Data analysis was performed using R (version 3.5.3) and RStudio, differential gene expression analysis was performed using DESeq2.46 Heatmaps were generated using p < 0.01 padj and >3, <3 Log2FoldChange values and top 30 changes in expression value shown ranked by baseMean expression levels. PCA plots were generated using vst transformation. Gene Set Enrichment Analysis (GSEA)47 was performed using GSEA software (version 4.0.2) and results visualized in Cytoscape software (version 3.7.2).48 Venn Diagrams were generated using genes with reads >10 and calculated using Bioinformatics & Evolutionary Genomics tool hosted by the University of Ghent, Belgium (http://bioinformatics.psb.ugent.be/webtools/Venn/)

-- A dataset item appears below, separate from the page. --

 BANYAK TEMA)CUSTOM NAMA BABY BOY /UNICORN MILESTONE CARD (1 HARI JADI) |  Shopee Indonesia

Flow cytometry phenotyping

All flow cytometry reagents were from Biolegend unless otherwise stated. Samples were incubated with Zombie-Aqua Fixable Viability kit for 15 min in the dark, then cells washed in PBS/2% FCS and antibodies towards cell surface markers were added for 20 min at 4 °C in the dark. Antibodies used were CD4-FITC(OKT4), CD8a-PE(HIT8a), CD8-PeCy7 (RPA-T8), CD3-PeCy5(UCHT1), CD56-PeCy7(BD Biosciences; B159), CD16-APCCy7(BD Biosciences; 3G8), CD45-AlexaFluor700 or CD45-APC (HI30),CD45RO-APC-Cy7(UCHL1), CD127-AlexaFluor647(A019D5), PD-1(CD279)-APC(EH12.2H7), CXCR6-PECy7 (K041E5), CD25-PE/Dazzle594 (M-A251), CCR8(CD198)-PE (L263G8), CD3-APC/Fire750 (SK7), CD45- AlexaFluor700 (HI30), CD127-BV711 (A019D5), ICOS-BV650 (C392.4A), CTLA-4(CD152)-BV786 (BD Biosciences; BNI3), TIGIT-BV421, (A15153G), ENTPD1(CD39)-BV421 (BD Biosciences; TU66), LAG-3(CD223)-PE (113C65), TIM-3(CD366)-BV785 (F38-2E2), IL18R-PE (H44), S1PR1-eFluor550 (eBiosciences; SW4GYPP). Afterwards, cells were washed in PBS/2% FCS and intranuclear antibody staining was performed using ‘True-Nuclear Transcription Factor Buffer Set’ (Biolegend), cells were fixed for 1 h then transferred into PBS/2% FCS overnight, then permabilisation performed before addition of antibodies FOXP3-AlexaFluor647 (259D), IKZF2(HELIOS)-PeCy7 (22F6) and additional CTLA-4 antibody for total cellular CTLA-4 measurement, for 45 min incubation.

Data was acquired using an LSR-II flow cytometer (BD Biosciences) and data analysed using FlowJo software (Tree Star Inc.), fluorescence Minus One (FMO) controls established gating strategies. Graphs were plotted and statistics generated in GraphPad Prism 8.4.3.